** Dataset records follows **
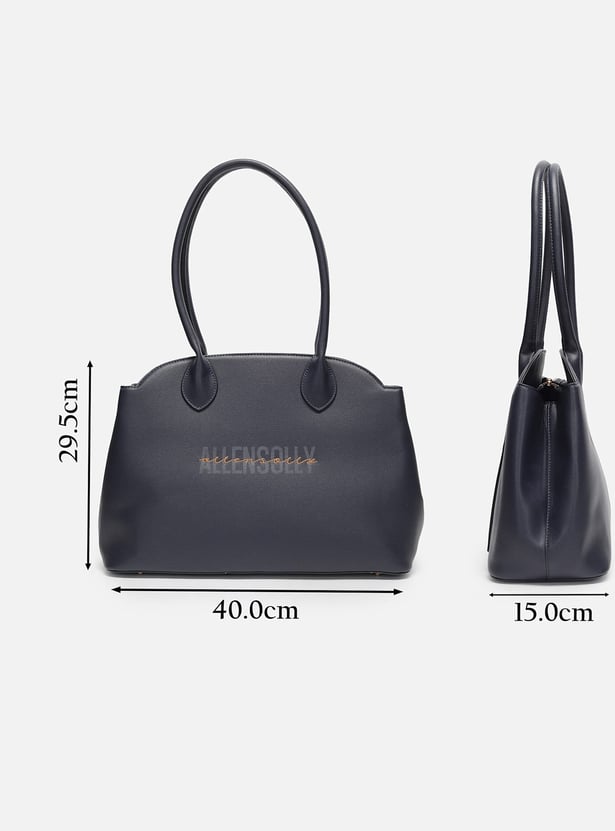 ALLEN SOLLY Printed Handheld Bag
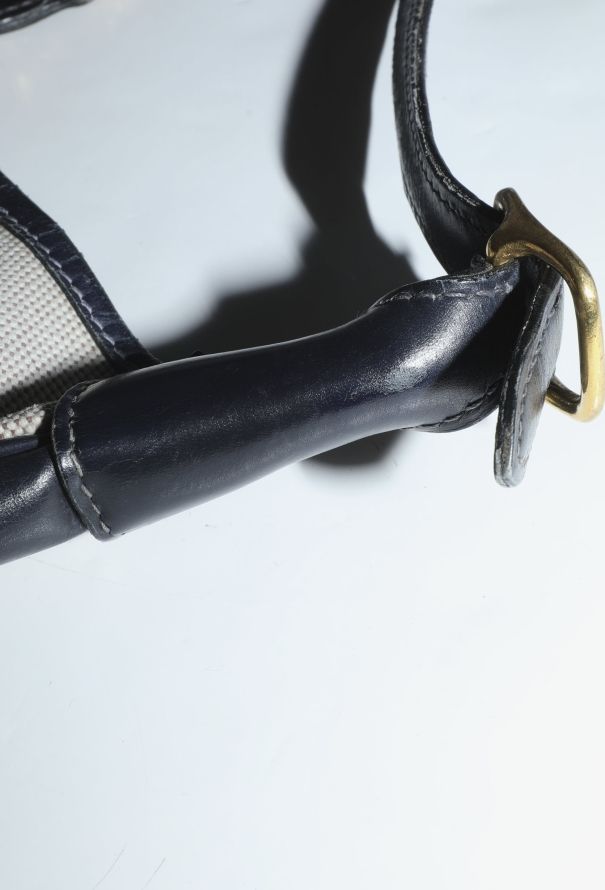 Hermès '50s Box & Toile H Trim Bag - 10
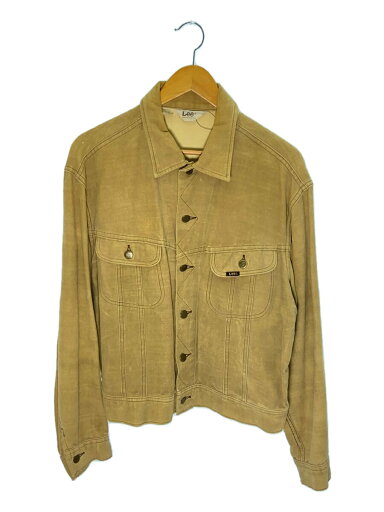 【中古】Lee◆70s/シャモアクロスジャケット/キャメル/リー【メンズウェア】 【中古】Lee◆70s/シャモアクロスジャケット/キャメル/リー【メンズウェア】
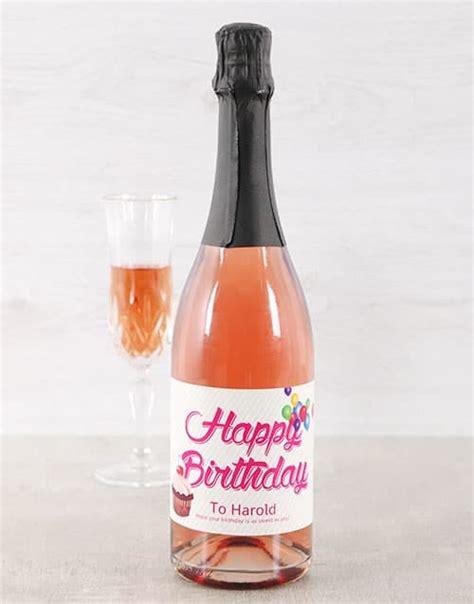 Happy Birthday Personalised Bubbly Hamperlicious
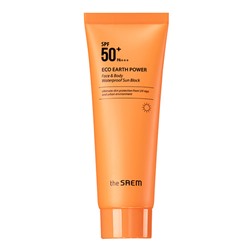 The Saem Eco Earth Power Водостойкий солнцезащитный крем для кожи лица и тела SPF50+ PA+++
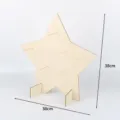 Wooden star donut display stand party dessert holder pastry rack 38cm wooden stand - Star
** End of Dataset records **
** Dataset records follows **
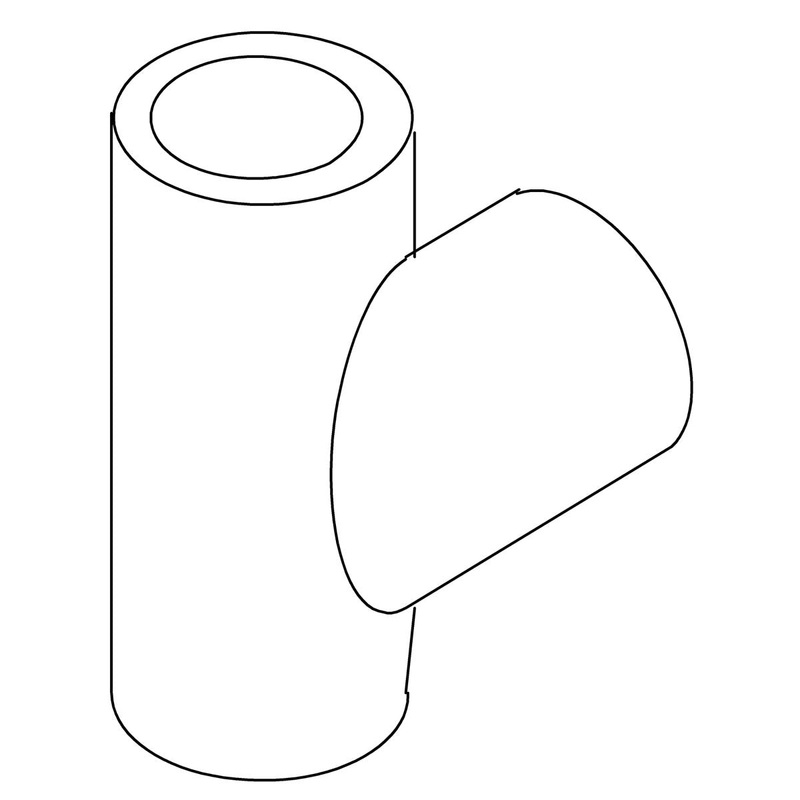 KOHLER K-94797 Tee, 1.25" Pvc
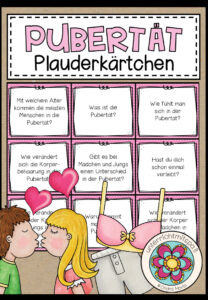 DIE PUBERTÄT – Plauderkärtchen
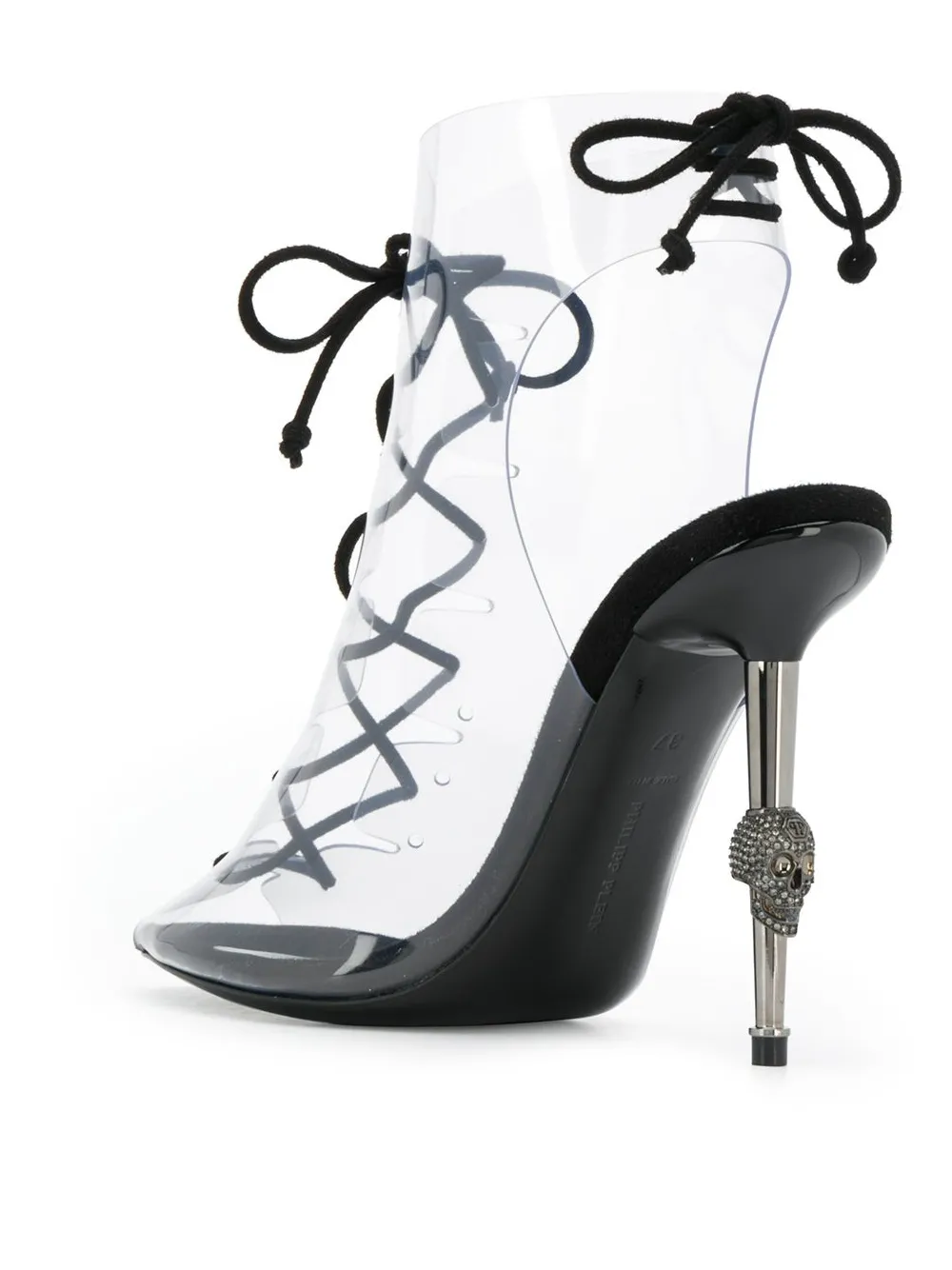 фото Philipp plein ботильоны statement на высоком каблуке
** End of Dataset records **
In the data above, the stretch from the line with "Happy Birthday Personalised" through the line with "Wooden star donut" is to be returned exactly, minus any pictures.

 Happy Birthday Personalised Bubbly Hamperlicious
 The Saem Eco Earth Power Водостойкий солнцезащитный крем для кожи лица и тела SPF50+ PA+++
 Wooden star donut display stand party dessert holder pastry rack 38cm wooden stand - Star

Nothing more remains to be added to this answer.